Brazil (1985)

Terry Gilliam | 2hr 12min

Describing a piece of fiction as Orwellian has become some sort of vague platitude to acknowledge a scathing attack on totalitarianism, yet few films fit the descriptor better than Brazil. The very concept of a man and a woman escaping an authoritarian government, making love, and falling right back into the government’s clutches is no doubt a familiar narrative to those familiar with ‘1984’. But where George Orwell’s Airstrip One was ruled by the indomitable force of Big Brother, Terry Gilliam’s bureaucratic dystopian city envisioned in Brazil is hilariously incompetent.

Overhead shots, always turning an eye of surveillance down on Sam.

Jonathan Pryce’s protagonist Sam Lowry is introduced in a dream as a winged knight, soaring through clouds and seeing visions of a mysterious woman. Later, he dreams of monsters roaming city streets, and a large robot used to subdue citizens. Though these dreams indicate an imaginative man out of step with his surroundings, their manifestations in reality also suggest something more surreal at work. Is Sam prophesising the future? Do his dreams actually have power to shape reality? Perhaps if this city could put its mind to something other than blunt commercialism and nonsensical data he might actually get answers.

The machines that have been built to assist the humans in their quest for rigidity are barely efficient themselves. Sam’s coffee machine swings around wildly, pouring boiling water over his toast. The elevator at his work malfunctions at the worst possible time. And the catalyst for Brazil‘s entire plot stems from a fly falling into a teleprinter, causing it to stamp an incorrect name on a form. Few people are able to look past this clerical error and see the truth. Whatever is printed on a form becomes law.

Nothing signifies the distortion of something meaningful into a consumerist spending spree like the birth of Jesus, and Gilliam is all too aware of the implications in setting this story at Christmastime. Tinsels, trees, and fairy lights are pathetically scattered around this depressingly grey city. Even a sign that hilariously reads “Consumers for Christ” suggests a society that has become self-aware of its own vapidity.

It is all one giant distraction though, and the utter disconnection between the citizens and the very real social issues that surround them are milked for all their comedic value. There are terrorists on the loose, and early on an explosion in the background of a restaurant is nothing but a mere annoyance to the patrons who keep chatting away. As a string trio play a rendition of Hava Nagila, emergency responders gather quickly to put out the fire and rescue the wounded. All the restaurant manager can think to do is place a partition between the patrons and the fuss going on behind them.

Maximalist clutter through the foreground and background, all in the name of absurdist comedy.

This absurdist comedy was perfected by the Monty Python troupe, but Terry Gilliam simply extends on that in Brazil with his audacious visual gags and balls-to-the-wall maximalist production design. In cluttering his frames with clunky machines, metallic pillars, and ducts, he traps Sam like a prisoner behind these enormous constructs.

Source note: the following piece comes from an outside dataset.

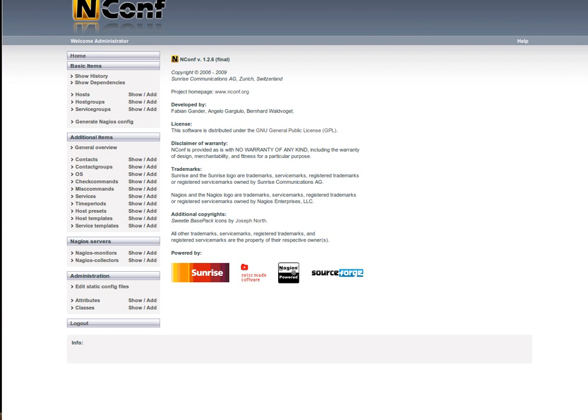Here we have nconf which is used for configuring Nagios. Gives a kind of a nice GUI versus the editing of text files. I guess I'm getting a little bit lazy in that regard.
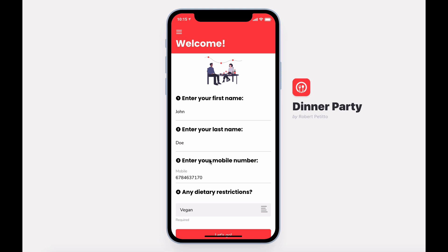Hi. Welcome to Dinner Party, the easiest way to plan your dinner parties. Decide the menu, keep track of who's bringing what, and communicate details at the touch of a button.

In its city scenes, Brazil often seems like Britain’s response to Blade Runner, building on the cyberpunk noir aesthetic with a heavy dose of surrealism and comedy. Like Ridley Scott’s 1982 film and Metropolis that set a precedent almost sixty years prior, the square block miniatures of the futuristic civilisation are so intricate that it is easy to forget these buildings aren’t hundreds of metres tall. That is, until Gilliam plays his own trick on the audience by pulling the camera back to amusingly reveal the falsity of one of these miniature sets.

Surrealism and visual gags through miniatures – this is Metropolis, Blade Runner, but also distinctly Gilliam.

This maddening, unnerving mise-en-scene fills Brazil from start to end. Most impressive of all is the torture room, a large, cylindrical space that drops down into jagged, metal spokes fanning out from the centre. To lift this lunacy into the realm of complete insanity, Gilliam’s wide-angle lens distorts everything that little bit more. Jonathan Pryce’s face is the perfect canvas for these warped, low-angle close-ups, as everything around him seems to spread outwards from his bulging eyes.

From here on Brazil descends further into surrealism, with Sam making his eventual escape to live a content life in the countryside with Jill. It is suspiciously rushed and unearned, though everything falls into place with the crushing reveal that this entire sequence has only unfolded in his lobotomised dream state. As incompetent and witless as the state is, their blunt power more than makes up for it, leaving Sam to happily indulge in his own imagination. Terry Gilliam’s construction of a futuristic Britain is visually daunting, but Brazil never shies away from the dark comedy of a government desperately out of touch with reality.

Maddening wide angle lenses only intensifying Gilliam’s formidable production design.